[YOUR OBJECTIVE]
Once the images are removed, set down everything else in the listing below exactly.

===== INFORMATION SHOWN =====

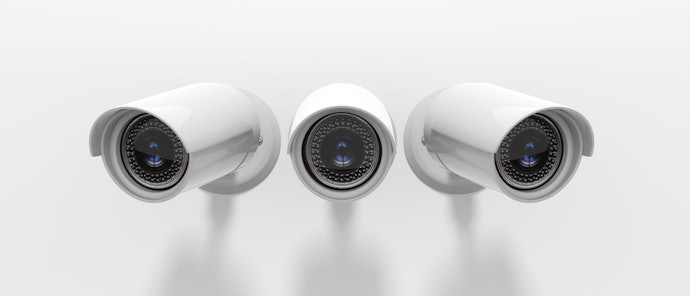 Choose a Home Alarm System That Can Be Expanded With Upgrades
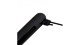 Скакалка умная с дисплеем Yunmai intelligent training jump rope - Изображение 132024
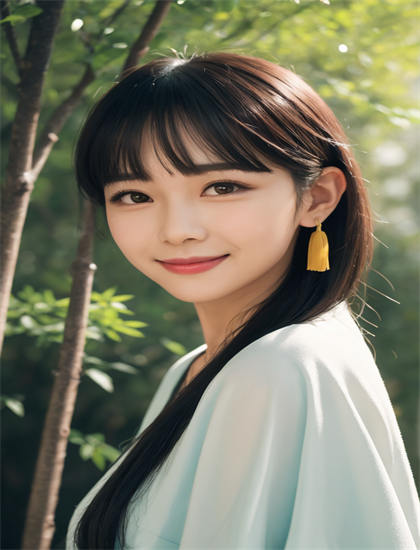 看《奈何BOSS又如何速看版》前必读：观影指南帮你理解文化背景与历史语境 获得更深感悟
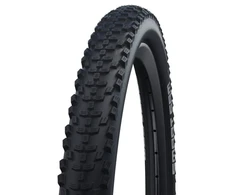 Padanga dviračiui Schwalbe 24 x 2.10 Smart Sam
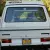 Volkswagen Westfal RV Camper Van 58k Miles Run's Great!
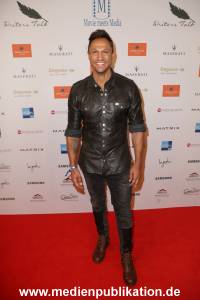 MovieMeetsMedia 10022017 0441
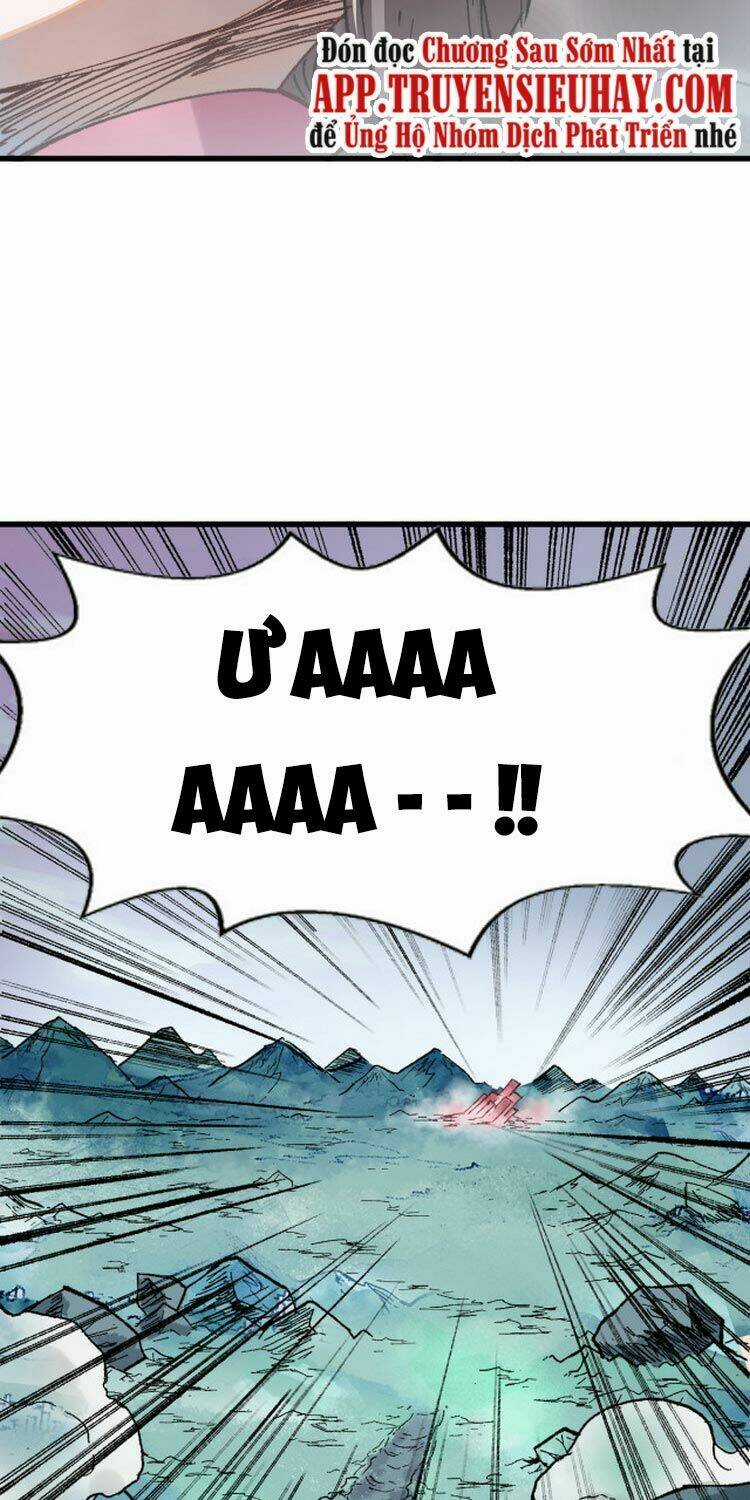 Thánh Khư - Chapter 133 - Trang 47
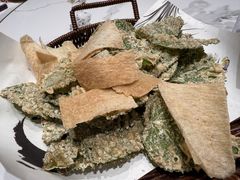 -阿露佳·舌尖上的安吉菜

=====

[RESULT]
 Choose a Home Alarm System That Can Be Expanded With Upgrades
 Скакалка умная с дисплеем Yunmai intelligent training jump rope - Изображение 132024
 看《奈何BOSS又如何速看版》前必读：观影指南帮你理解文化背景与历史语境 获得更深感悟
 Padanga dviračiui Schwalbe 24 x 2.10 Smart Sam
 Volkswagen Westfal RV Camper Van 58k Miles Run's Great!
 MovieMeetsMedia 10022017 0441
 Thánh Khư - Chapter 133 - Trang 47
 -阿露佳·舌尖上的安吉菜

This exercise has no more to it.